La Russia, a causa delle recenti tensioni con il Governo di Yerevan, ed essendo il principale fornitore di armi di Baku oltreché di gas che poi viene triangolato in Europa, aggirando così le sanzioni, mantiene un atteggiamento estraneo e traccheggiante. Il Parlamento europeo invece ha lanciato appelli per scongiurare l’imminente crisi, il segretario di Stato statunitense Antony Blinken ha chiesto al presidente azero Ilham Aliyev l’immediata riapertura del corridoio di Lachin e papa Francesco ha ripetutamente espresso preoccupazione per quanto sta accadendo ai cristiani del Nagorno Karabakh. Il Governo azero però non ha mostrato alcuna volontà di porre fine all’assedio ed eloquenti sono state le parole del leader, che il 10 gennaio, in conferenza stampa, ha definito i dimostranti «il nostro orgoglio» e ha dichiarato che gli armeni del Nagorno Karabakh che non vogliono vivere sotto il Governo dell’Azerbaigian (che occupa il 154° posto nel World press freedom index) sono liberi di andarsene.

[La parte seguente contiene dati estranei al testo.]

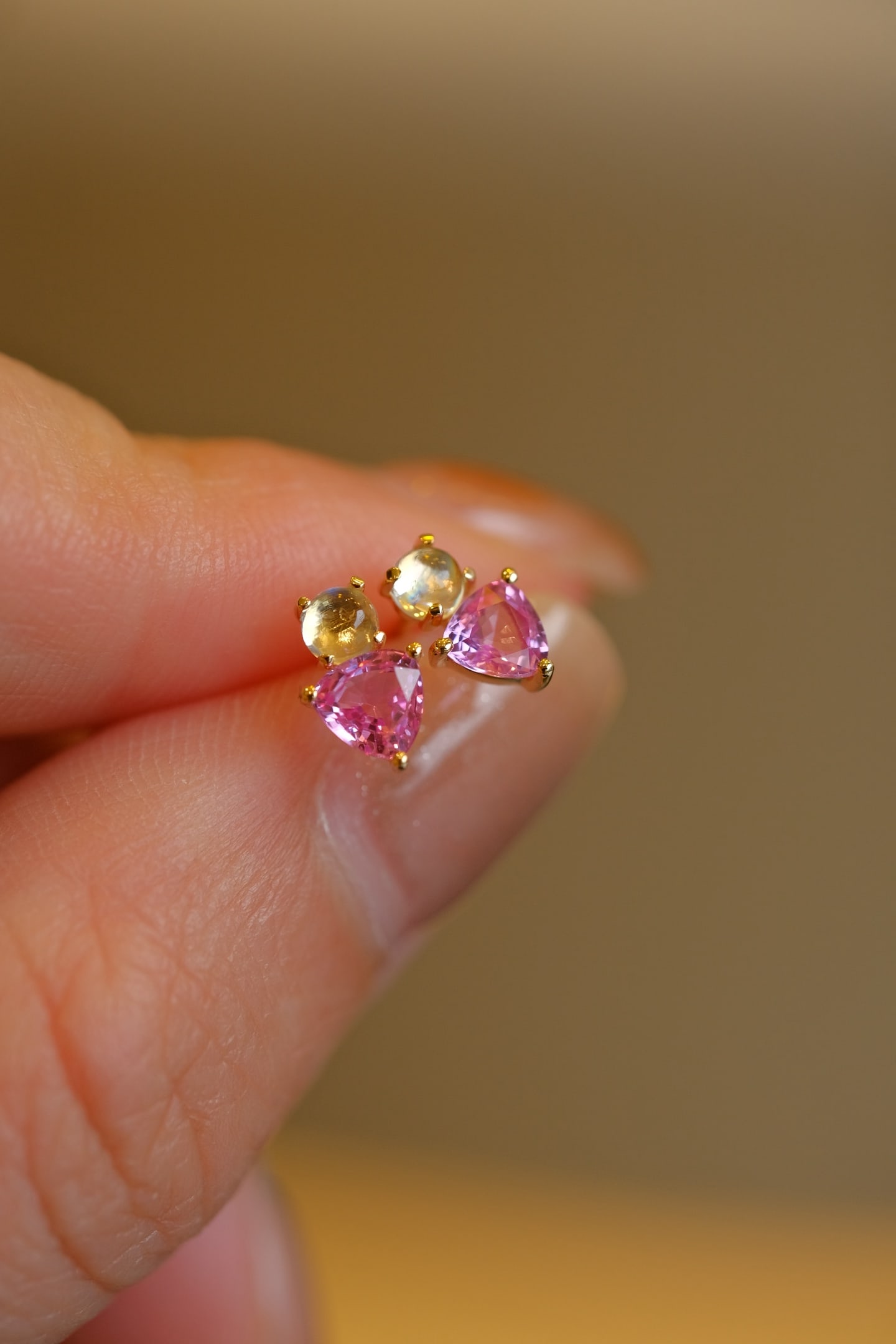 18K Pink and Blue Sapphire Stud Earrings: 18K Pink Sapphire Earrings - Natural pink sapphire paired with moonstone, sweet and elegant when worn Reserve: $500.00 Shipping: Domestic: Shipping rates are determined by destination International: F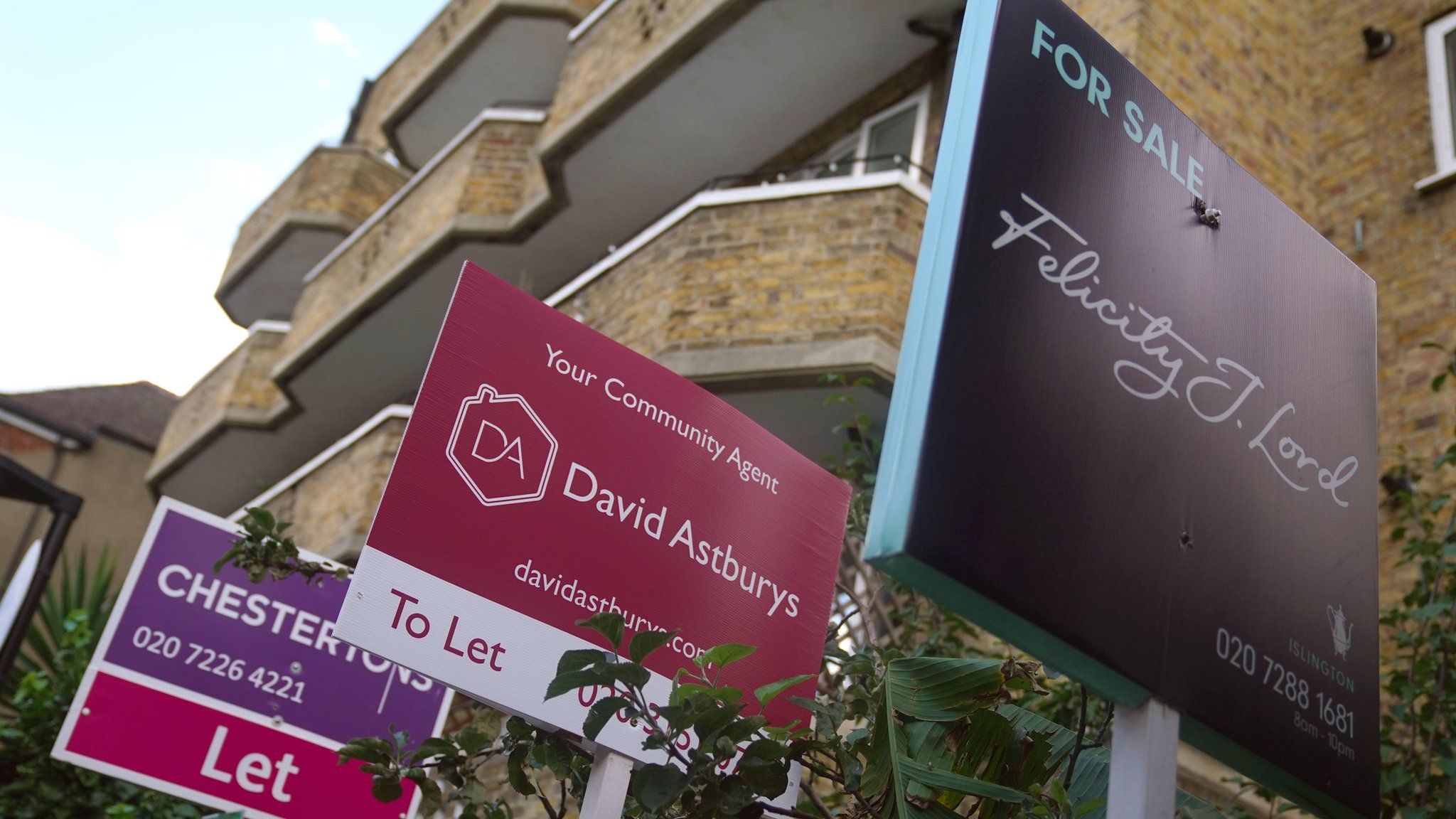 A black of flats with for sale and to let signs outside (file photo)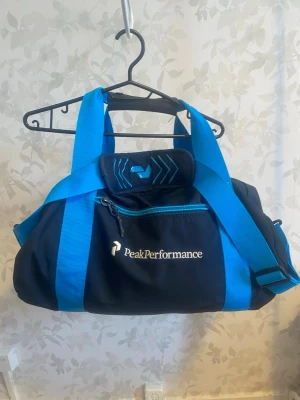 Svart och blå träningsväska Peak Performance - Snygg svart träningsväska från Peak Performance med starka blå detaljer och axelrem. Väskan har dragkedja, handtag och logga framtill. Perfekt för gymmet eller sportaktiviteter. Tillverkad i slitstarkt syntetmaterial.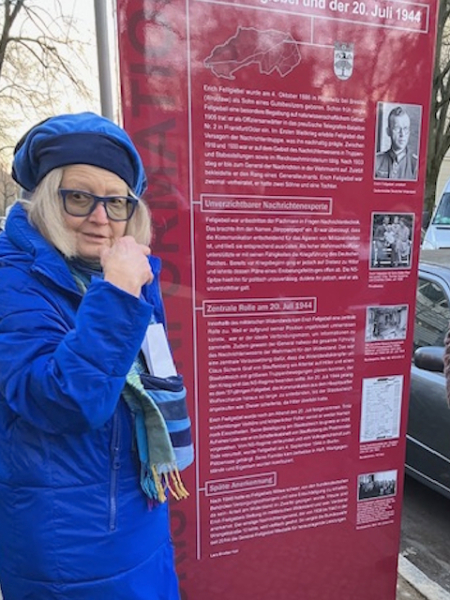 Barbara Fellgiebel neben einer roten regionalhistorischen Informationsstele in Erinnerung an den Widerstand vom 20. Juli und Erich Fellgiebel in Zehlendorf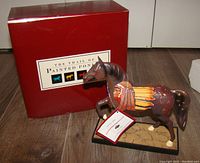 Photo showing the figurine standing on a wooden floor beside the original red collector's box with 'The Trail of Painted Ponies' text on the front.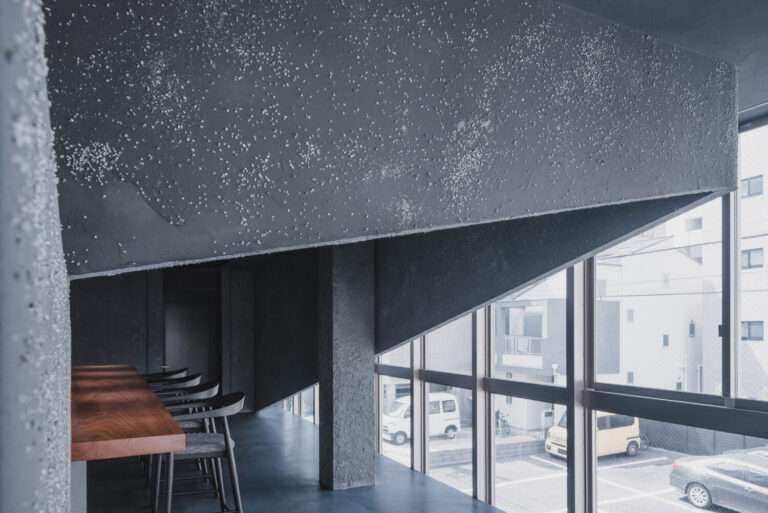 Interior dining space featuring dark textured plaster walls, timber counter, and full-height exterior window wall.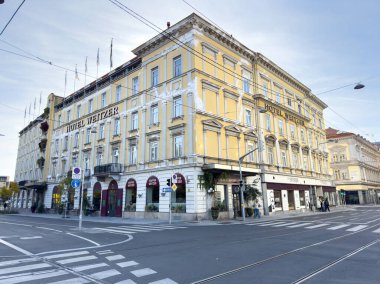 Graz, Avusturya - 11 Ekim 2025: Graz, Avusturya 'da tarihi bir yapı olan Weitzer Oteli, canlı bir şehir ortamında canlı sarı bir cephe ve zarif bir mimariye sahiptir.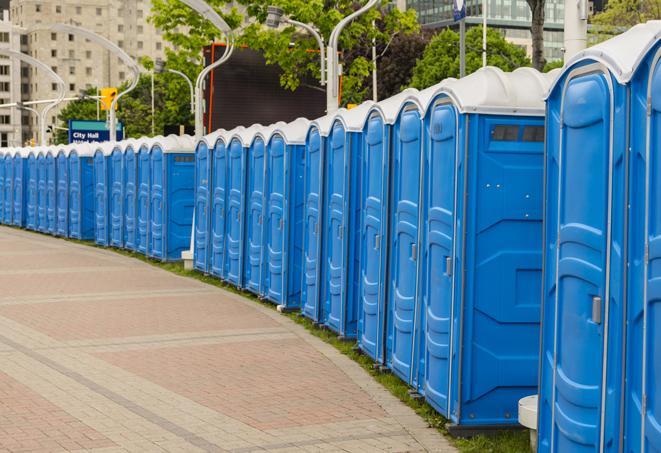 a line of portable restrooms at a sporting event, providing athletes and spectators with clean and accessible facilities in Bantam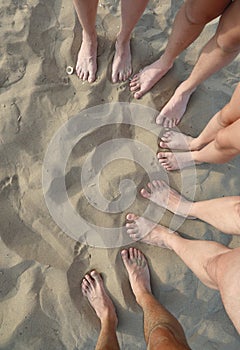 ten barefoot of a family of five on the sand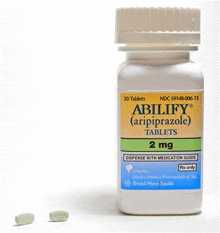 a bottle of abilify 2 mg tablets next to a smaller tablet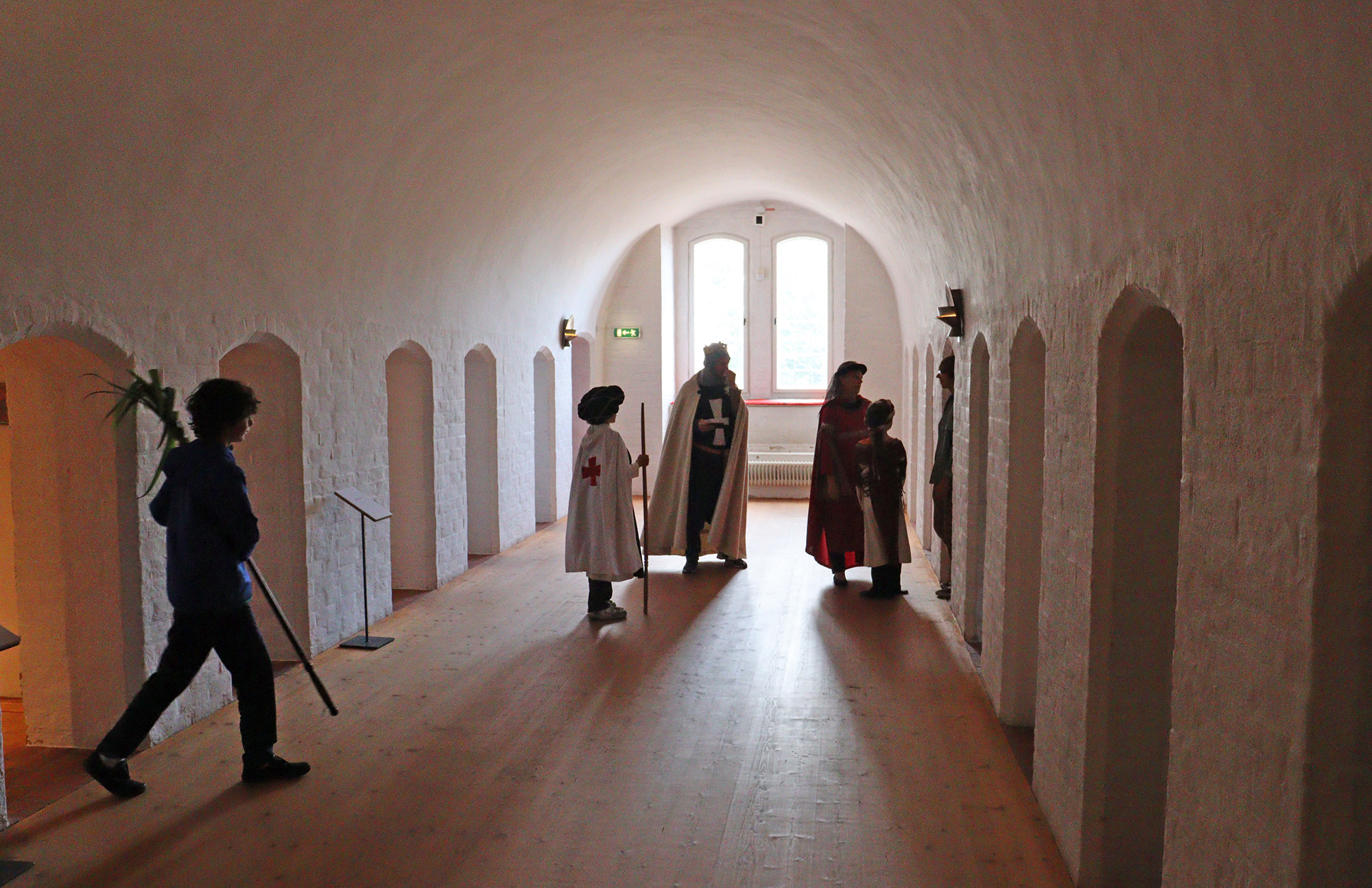 Interiör från klostermuseet med besökare utklädda i medeltid kläder. 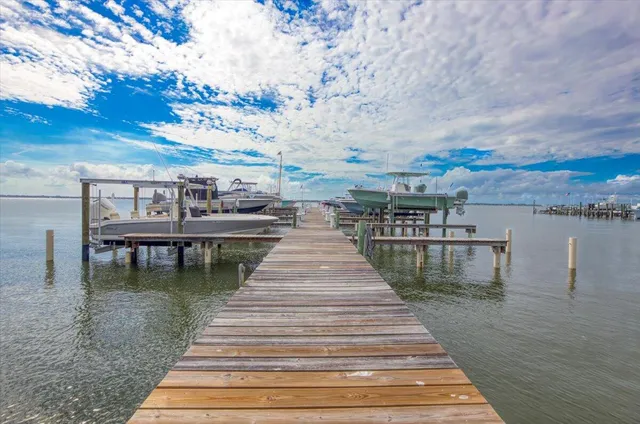 a view of a street with a big yard and large trees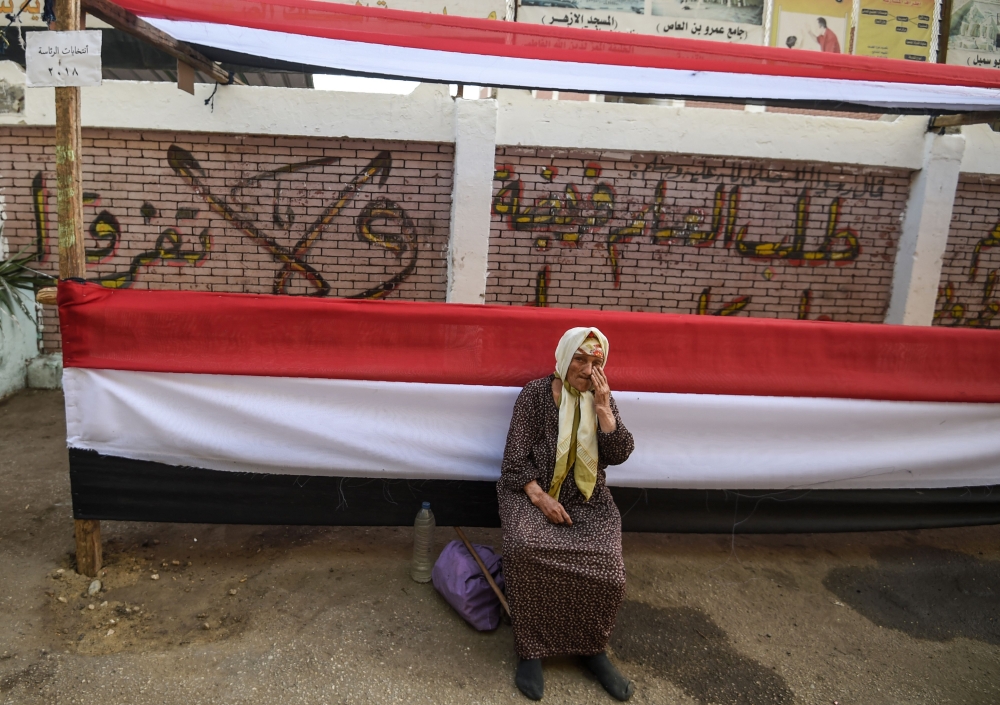 A woman sits outside a polling station decorated with long pieces of cloth depicting the colours of the Egyptian flag in the capital Cairo's central Al-Malek al-Saleh district on March 25, 2018 ahead of the vote scheduled for the following day. AFP / Moha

«Durante la guerra degli anni ’90 ho vissuto con i miei tre figli in un rifugio sottoterra per un anno, la tomba di mia madre a Shushi è stata profanata due volte e ora, dopo che Shushi è stata occupata dagli azeri, non so più nemmeno se esiste. Niente mi farà andare via dalla mia terra», è stata la risposta di Julietta alle parole di Aliyev. Poi la donna ha concluso dicendo: «Per il popolo dell’Artsakh i Paesi occidentali sono sempre stati simbolo di giustizia e democrazia. Abbiamo sempre cercato di costruire la nostra società ed educare i nostri figli con i valori di pace e libertà dell’Occidente. Vorrei però che oggi l’Occidente si alzasse in piedi per il Nagorno Karabakh così come sta facendo per l’Ucraina, perché anche noi armeni siamo vittime di un’aggressione».